Personal information
- Full name: Xavier O’Callaghan Ferrer
- Born: 2 March 1972 (age 54) Tarragona, Spain
- Nationality: Spanish
- Height: 1.86 m (6 ft 1 in)
- Playing position: Centre back
- Number: 4

Youth career
- Years: Team
- 1986–1990: FC Barcelona

Senior clubs
- Years: Team
- 1990–2005: FC Barcelona

National team
- Years: Team / Apps / (Gls)
- 1993–2004: Spain / 87 / (140)

Medal record
Men's Handball
| Bronze medal – third place | 2000 Sydney | Team |

= Xavier O'Callaghan =

Spanish handball player (born 1972)

Xavier O'Callaghan Ferrer (born 2 March 1972 in Tarragona, Spain is a Spanish handball player who competed in the 2000 Summer Olympics and in the 2004 Summer Olympics.

He came up through the youth ranks at FC Barcelona, and here he played his entire career.

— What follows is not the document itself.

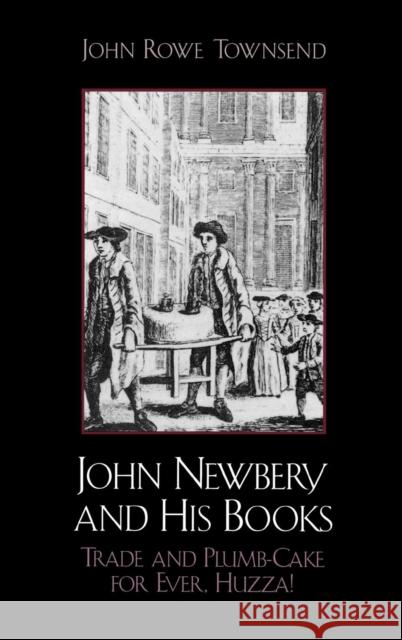 John Newbery and His Books: Trade and Plumb-Cake for Ever, Huzza! Townsend, John Rowe 9780810829503 Scarecrow Press - książka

He won 55 titles with the club, including the EHF Champions League 6 times. FC Barcelona has retired the number 4, his shirt number in his honour.

In the 2000 Olympics he won the bronze medal with the Spanish team. He played three matches and scored five goals.

Four years later he finished seventh with the Spanish handball team in the 2004 Olympic tournament. He played six matches and scored eight goals.

He was included in the European Handball Federation Hall of Fame in 2023.